Task to complete: Only some lines are wanted: please transcribe exactly those from the one containing "Brixton Bowery Flannel" through the end of the data, pictures excluded.

- - - -

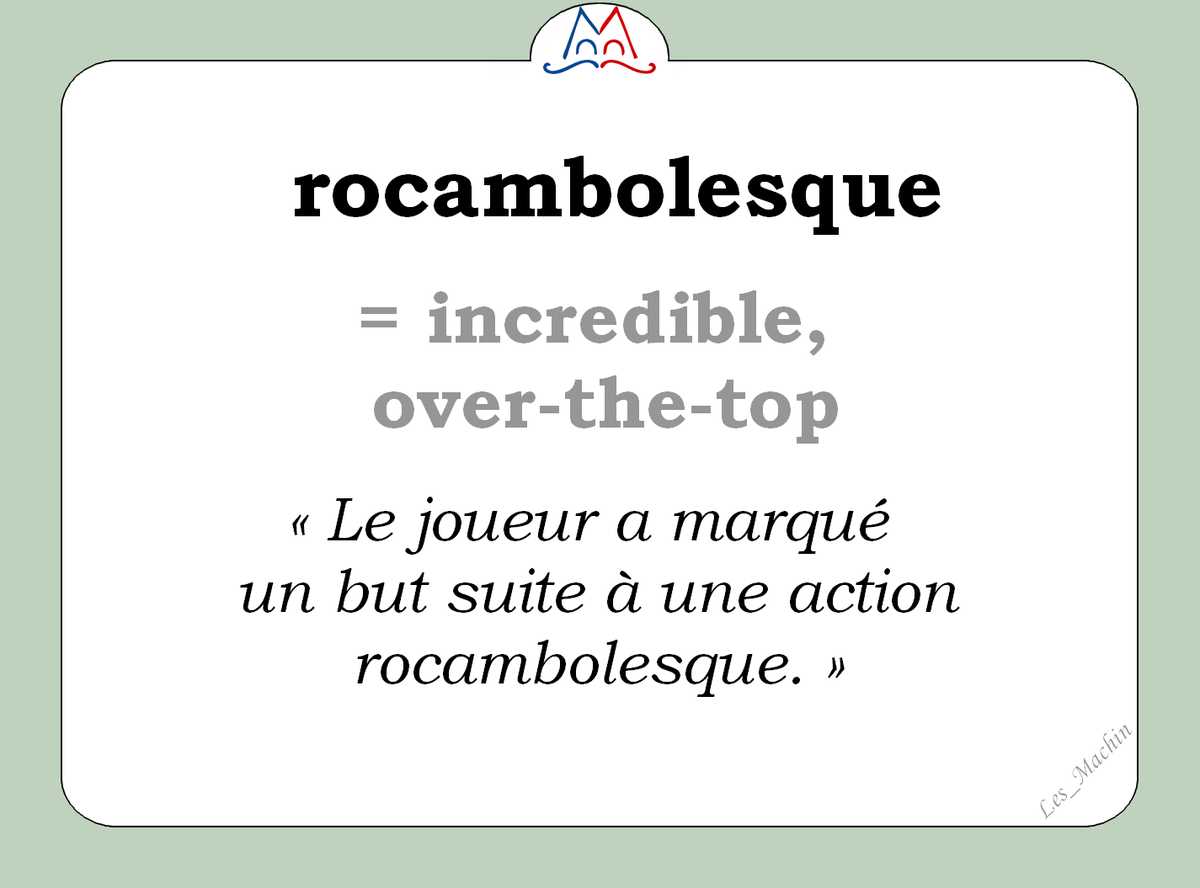 Les_Machin's tweet photo. Le mot du jour :  
« rocambolesque » [ʀɔkɑ̃bɔlɛsk]  
😮🤯😮 
#WordOfTheDay #fle 
#ClasseFLE #learnfrench https://t.co/tHmva8sgjJ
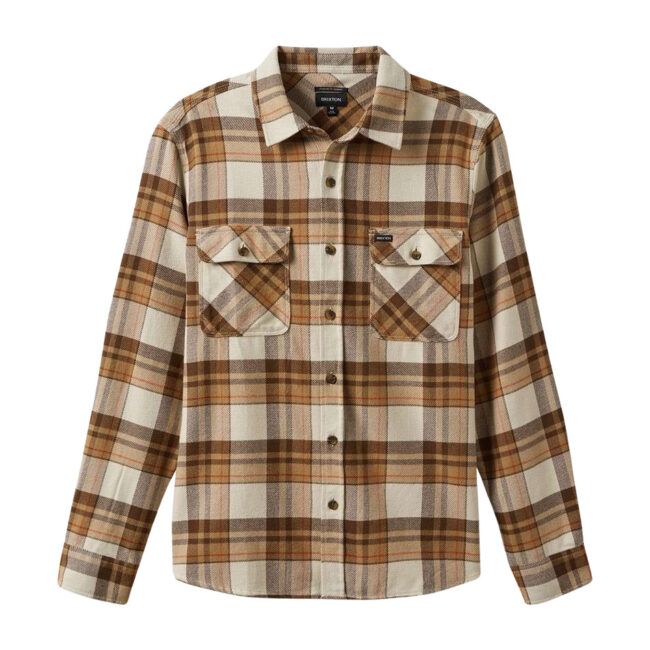 Brixton Bowery Flannel - White Cap/Pinecone Brown/Burro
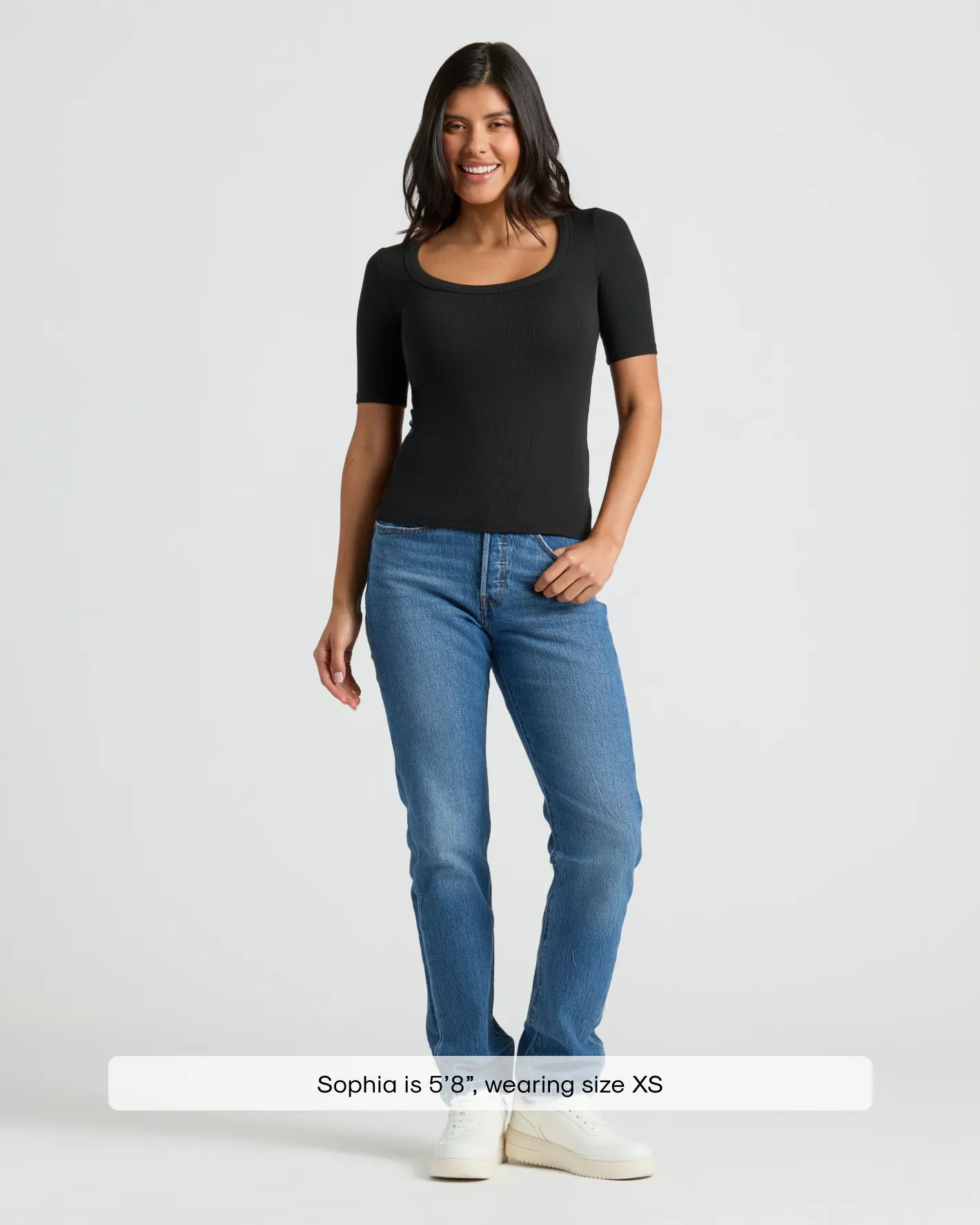 Womens Black Ribbed 3/4 Sleeve Scoop Neck Tee 3-Pack sold by True Classic product image thumbnail 2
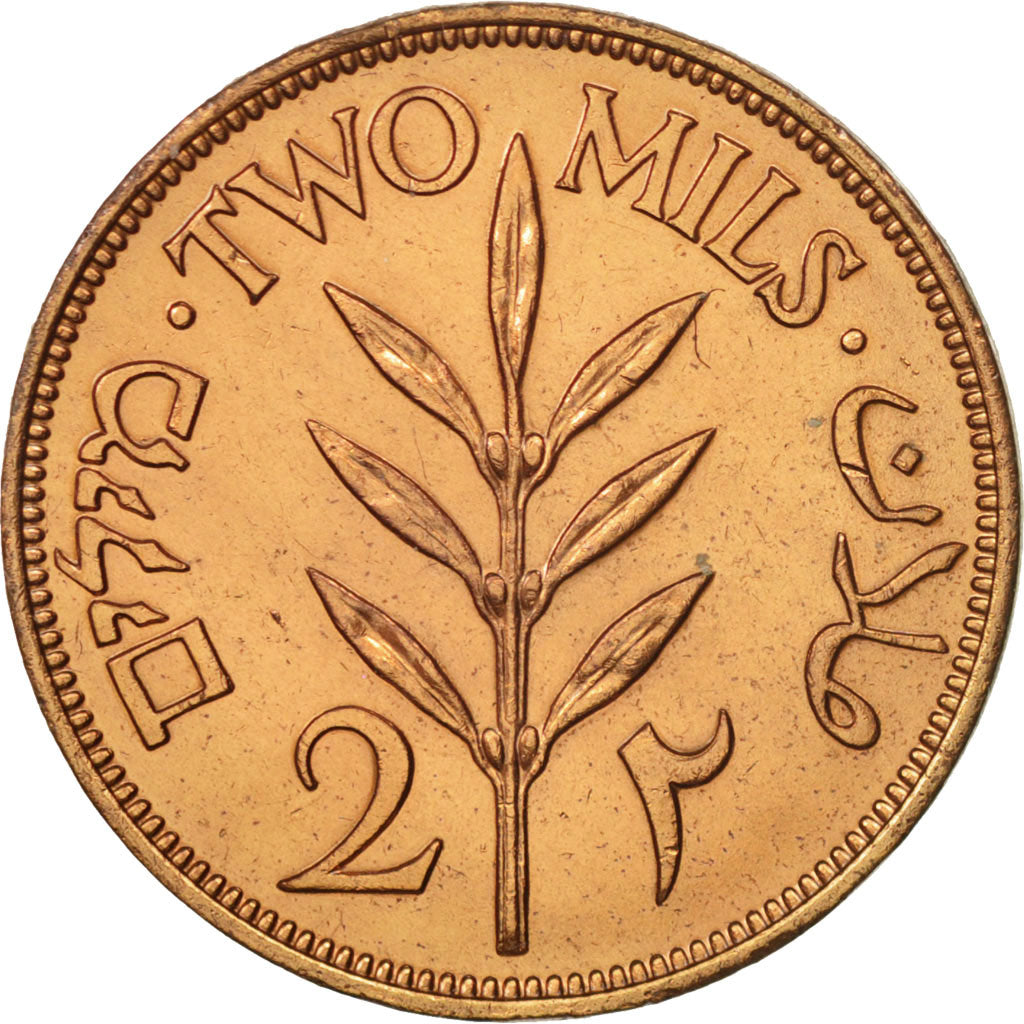 Palestina, 2 Mils, 1945, BB+, Bronzo, KM:2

- - - -

Problem solution:
 Brixton Bowery Flannel - White Cap/Pinecone Brown/Burro
 Womens Black Ribbed 3/4 Sleeve Scoop Neck Tee 3-Pack sold by True Classic product image thumbnail 2
 Palestina, 2 Mils, 1945, BB+, Bronzo, KM:2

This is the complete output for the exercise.